My first reaction was to call it pofigism. Those familiar with Russia might know that “pofig” is disinterest and indifference, combined. Pofigism is something I find attractive about Russia. The world can be in a tailspin. Russia takes it in stride. I’m not sure the correct description is pofigism in this case, inferring it is a purely Russian response. I’ve had conversations via zoom with friends and family around the world. Everyone I talk to tells me the same thing. In many countries, some people are careful. Many are not. It is more than indifference. The basic human need for close, personal contact is overcoming caution. This is a global phenomenon instead of a being a Russian one.

I have to wonder what might be going on at other food service and restaurant businesses in Russia. I for one will be cooking food at home for many months to come. It might have been an over-reaction to throw away all that junk food without looking inside the bag, let alone eating it. I am glad I did. Not worrying about the possible repercussions justified the loss of 1005 Roubles. Hamburgers and fries will sadly have to wait.

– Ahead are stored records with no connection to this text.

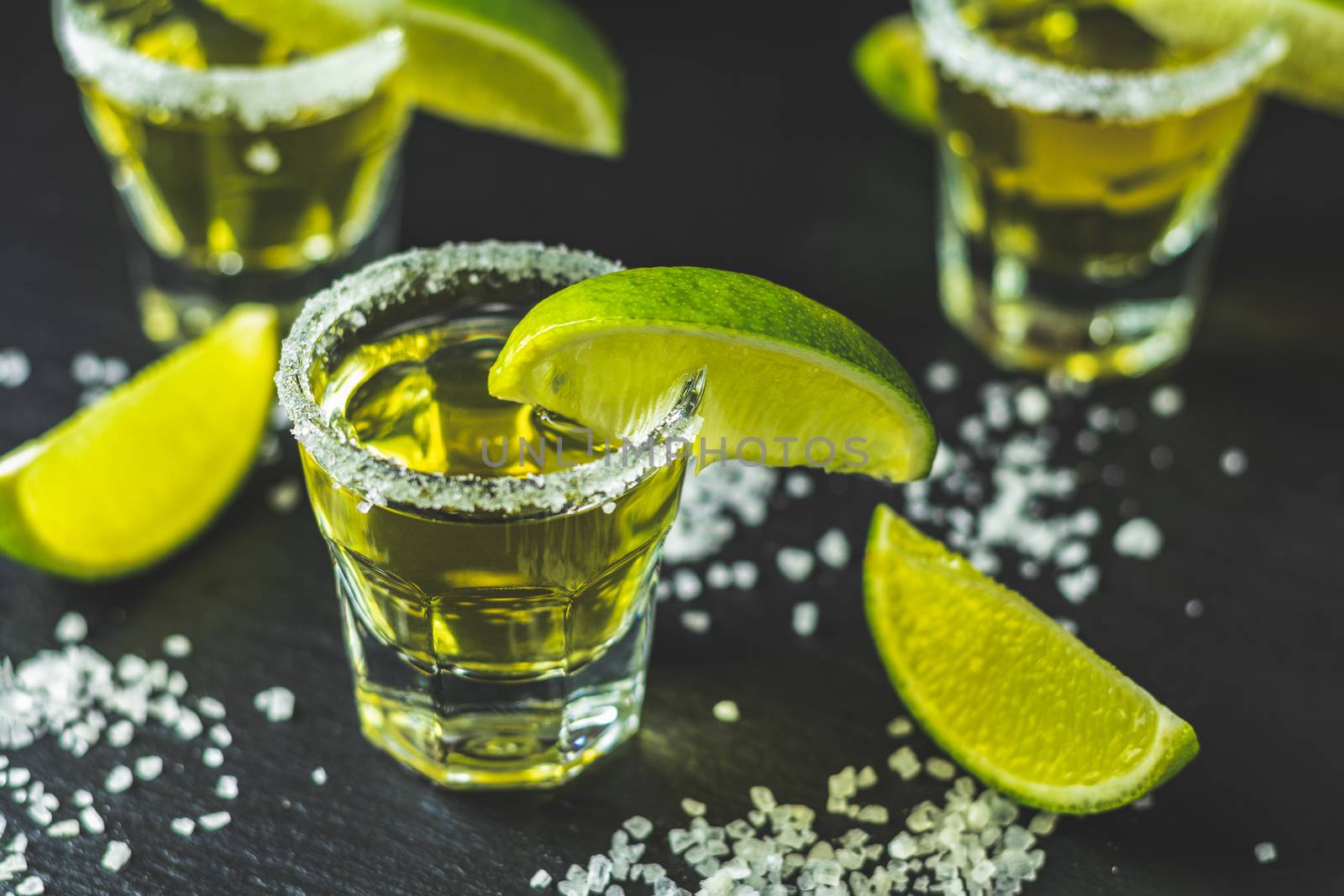 Mexican Gold Tequila shot with lime and salt by ArtSvitlyna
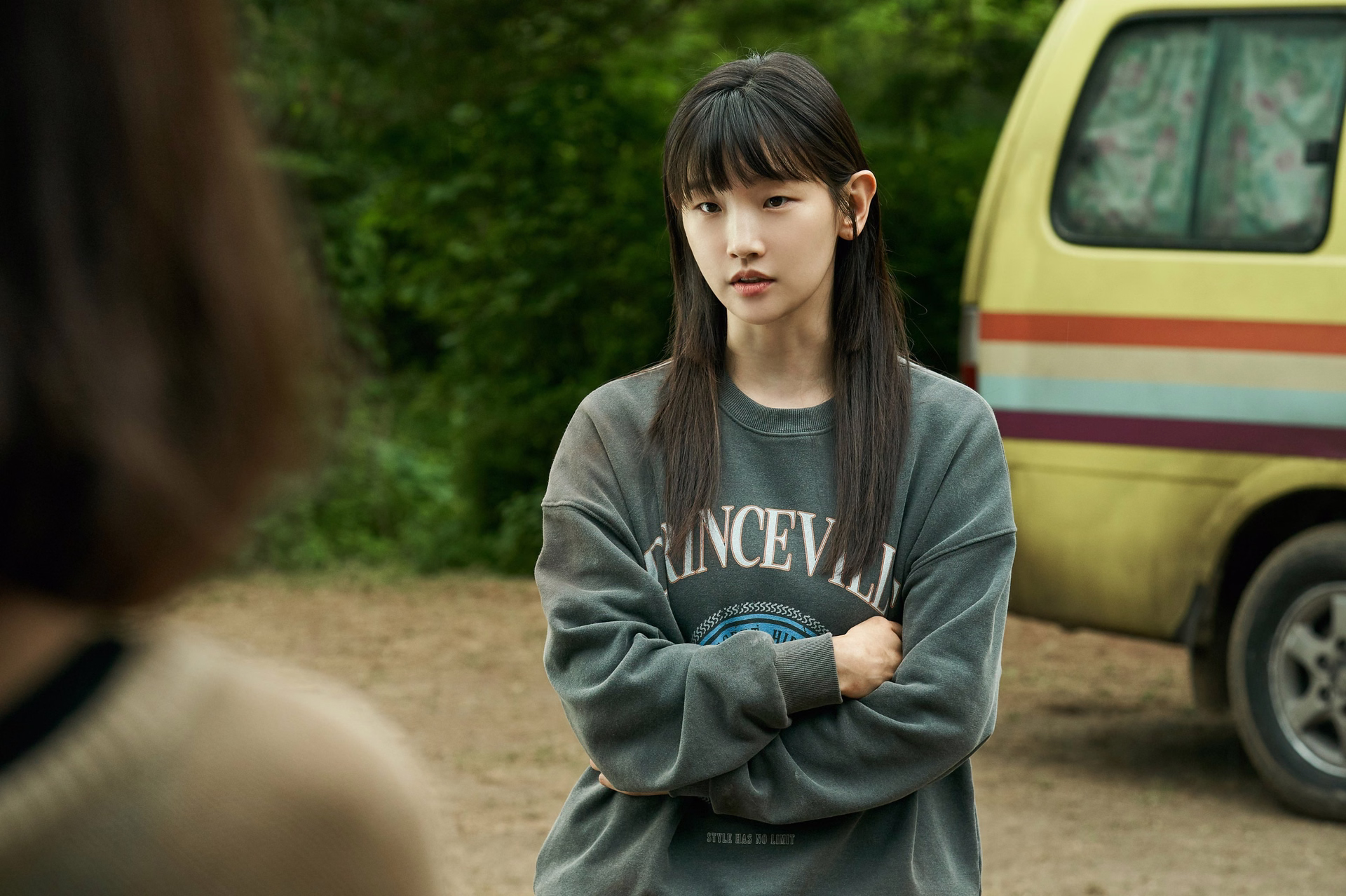 Young Ju displays her calculating nature while supporting her family's dangerous plan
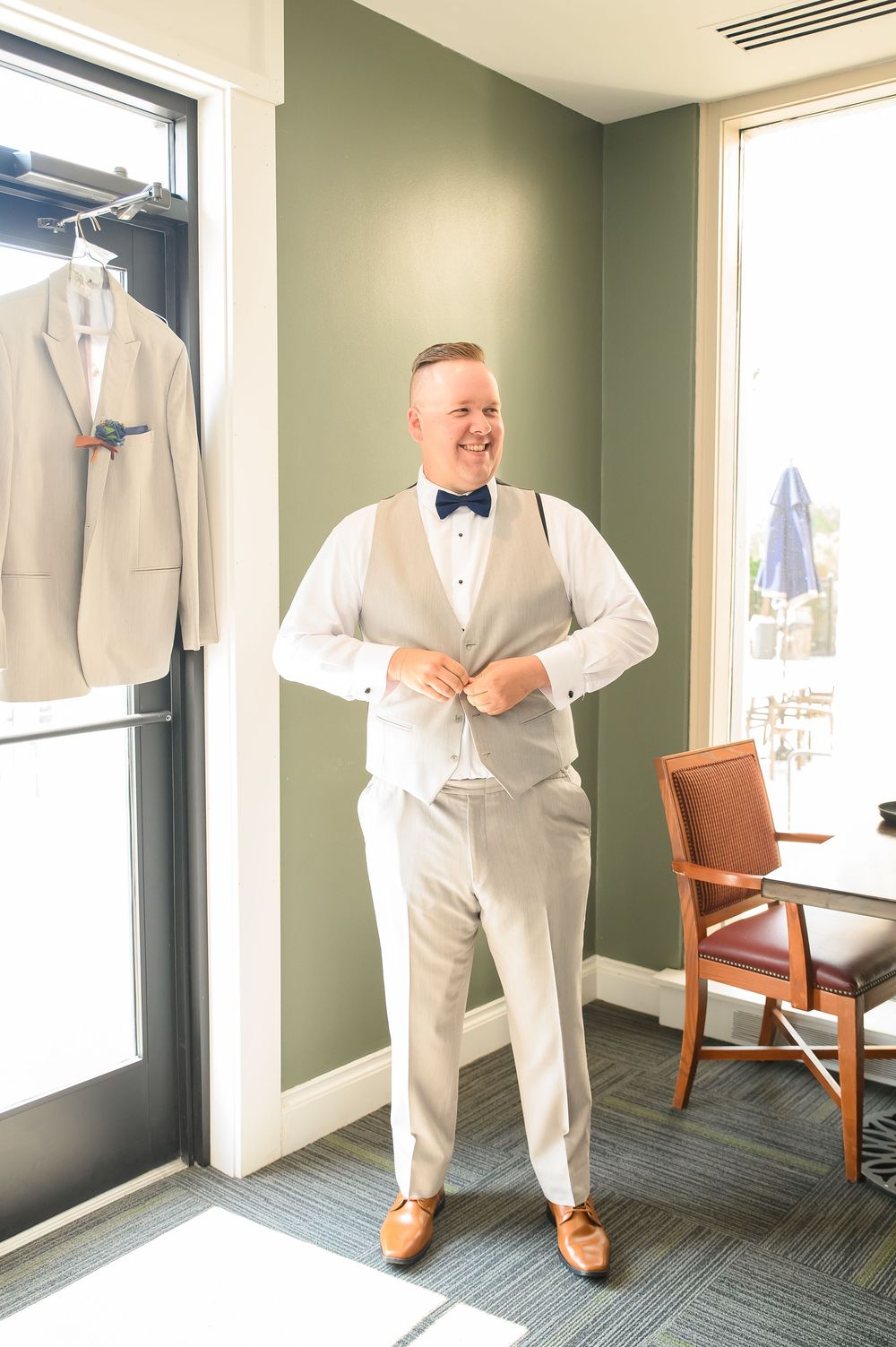Someone wearing a light colored formal suit adjusts their attire in a well-lit dressing room.
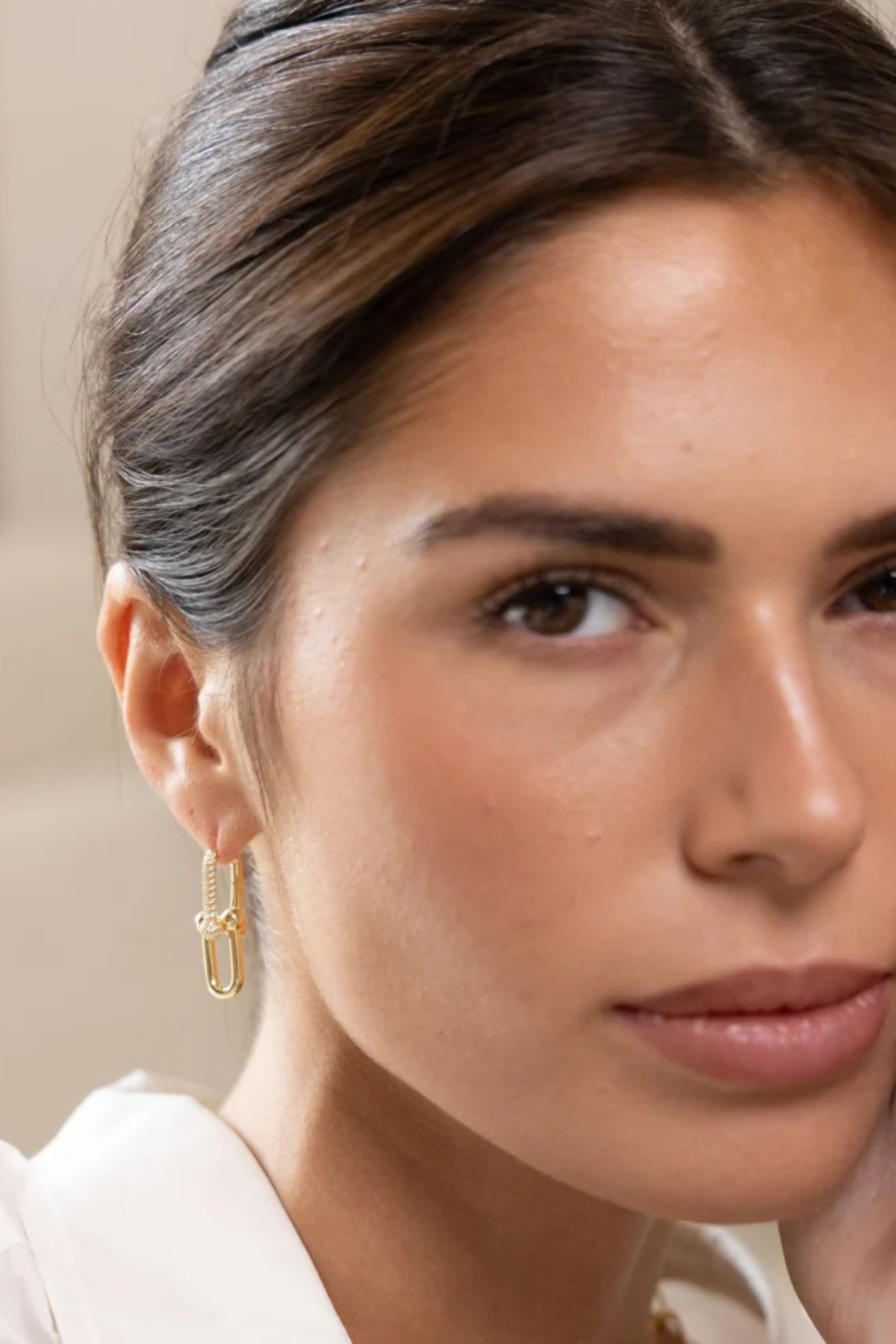 A close-up of a woman wearing a delicate gold huggie hoop earring with a textured, woven-like design.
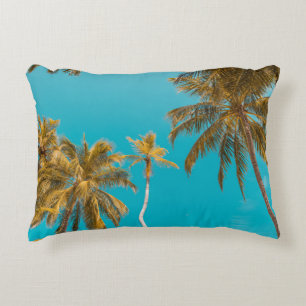 Low-angle photo of coconut trees decorative cushion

I contacted the General Manager of the fast food chain on Linkedin and gave him a brief report. He promised to jump on it. I am sure he will. I might go by and order a cup of coffee someday. Perhaps in 2021, when this thing blows over.

It comes to mind that demand will soon be high for inspectors, secret shoppers and people who enforce social distancing at retail and food outlets. Job openings will come up for skilled people enforcing the rules about wearing masks, gloves, disinfecting shared surfaces and other irritating regulations. Someone younger and less risk averse will have to do it. I for one am staying home.